• [GIVEN RECORDS]:
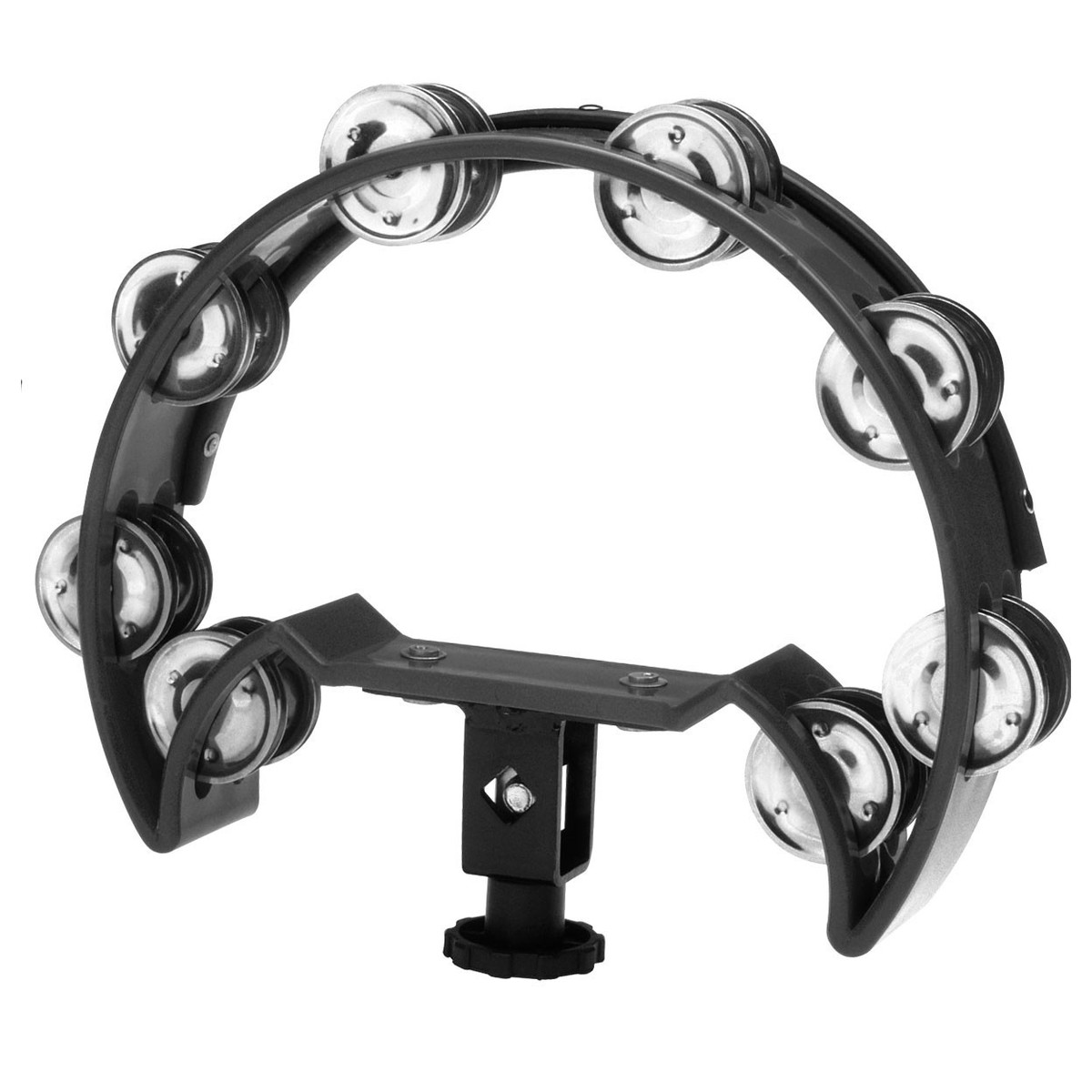 Stagg 1/2 Moon Drumset Tambourine Black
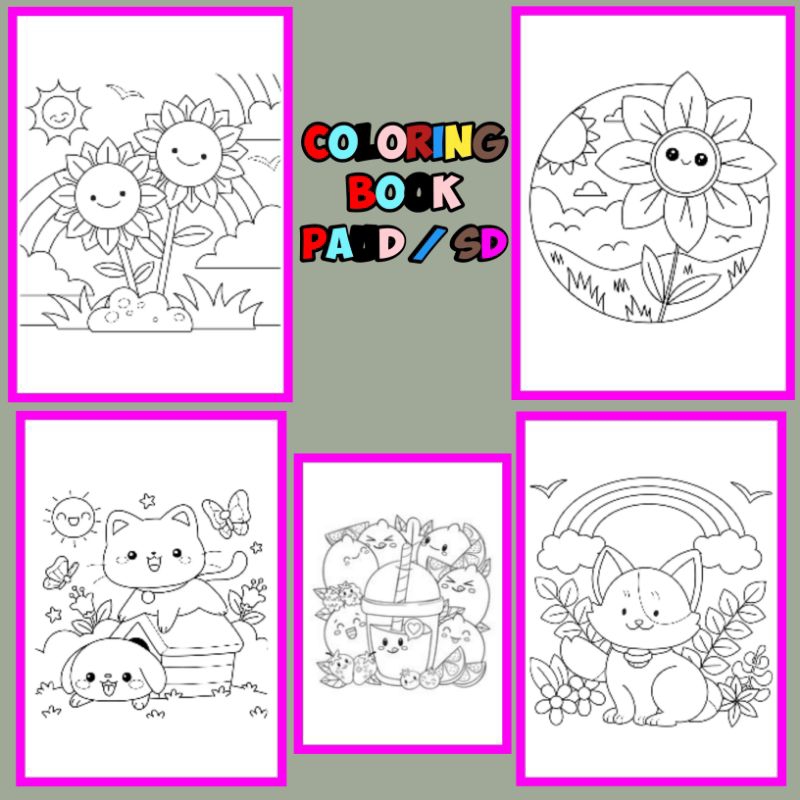

Drawing book PAUD/SD 10 lembar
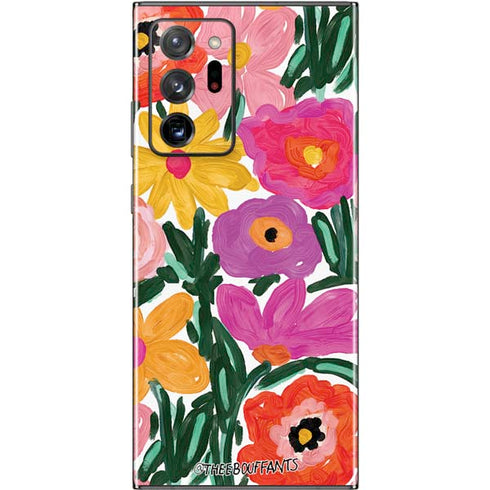 Bouffants and Broken Hearts Painterly Garden Galaxy Note20 Ultra 5G Skin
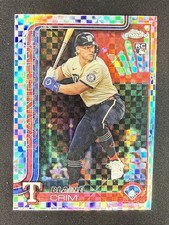 2025 Topps Chrome Update Series - Blaine Crim #USC83 X-Fractor (RC)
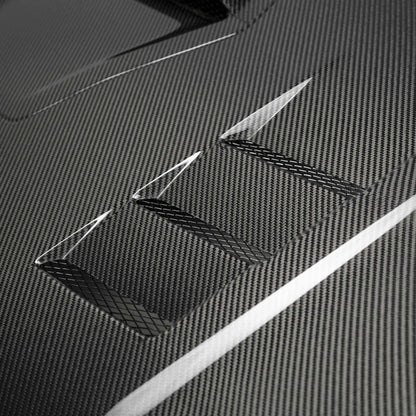 TS-Style Carbon Fiber Hood For 2017-2021 Honda Civic Type R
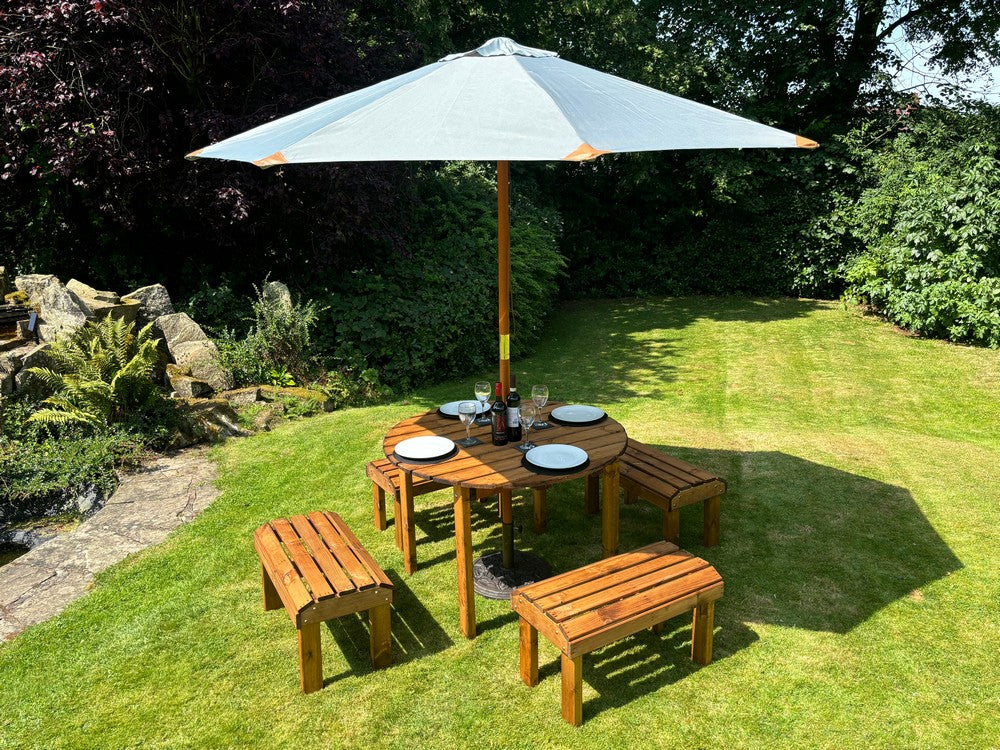 Knights Garden Patio Dining Set by Charles Taylor - 4 Seats - Image 18
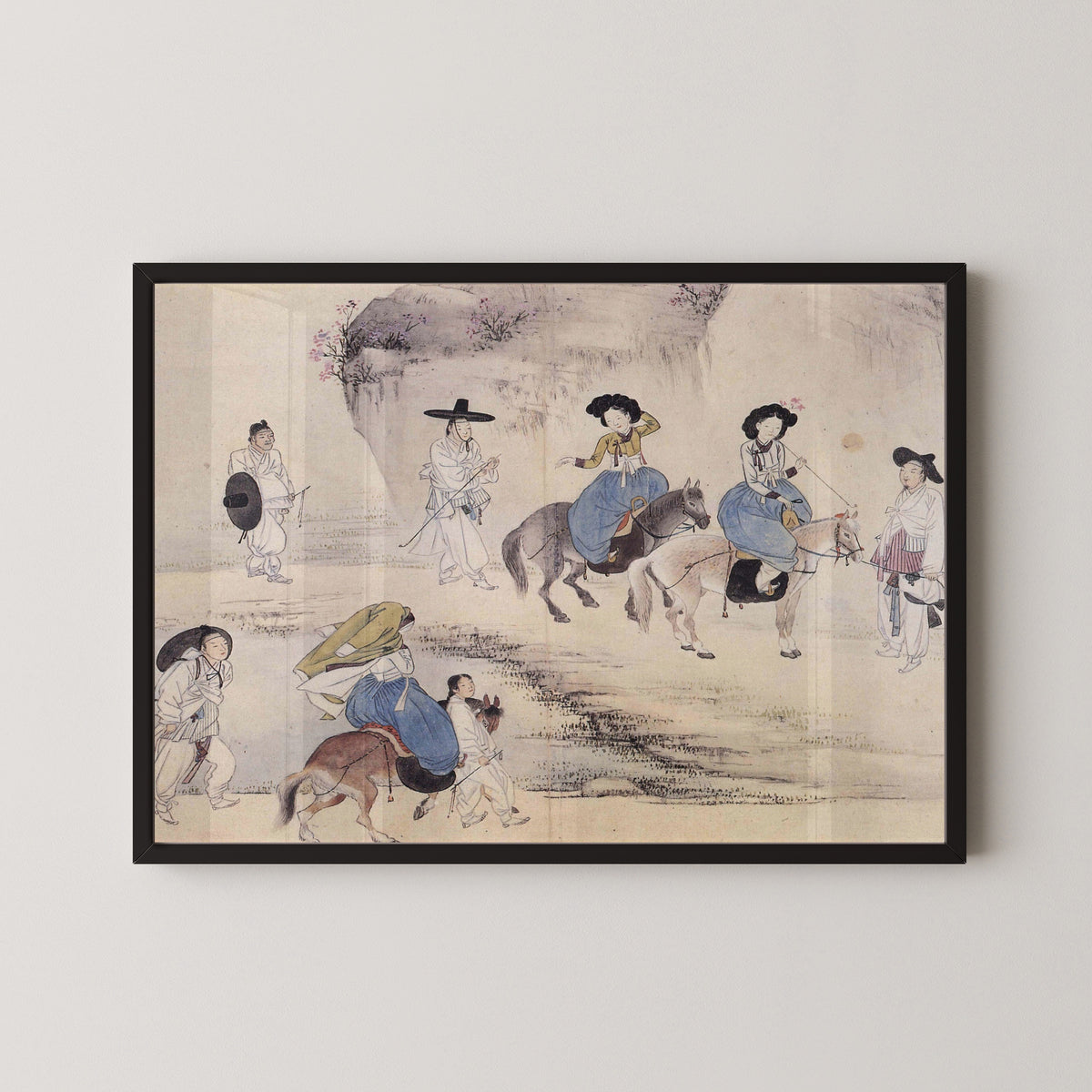 Sin Yun-bok (Hyewon) — Hyewon Genre Painting Album: Young People's Outgoing | Korean Painting Art Print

• [WHAT THIS TASK INVOLVES]: What is needed is an exact reprint of every entry, pictures excluded.

• [RESPONSE BELOW]:
 Stagg 1/2 Moon Drumset Tambourine Black

Drawing book PAUD/SD 10 lembar
 Bouffants and Broken Hearts Painterly Garden Galaxy Note20 Ultra 5G Skin
 2025 Topps Chrome Update Series - Blaine Crim #USC83 X-Fractor (RC)
 TS-Style Carbon Fiber Hood For 2017-2021 Honda Civic Type R
 Knights Garden Patio Dining Set by Charles Taylor - 4 Seats - Image 18
 Sin Yun-bok (Hyewon) — Hyewon Genre Painting Album: Young People's Outgoing | Korean Painting Art Print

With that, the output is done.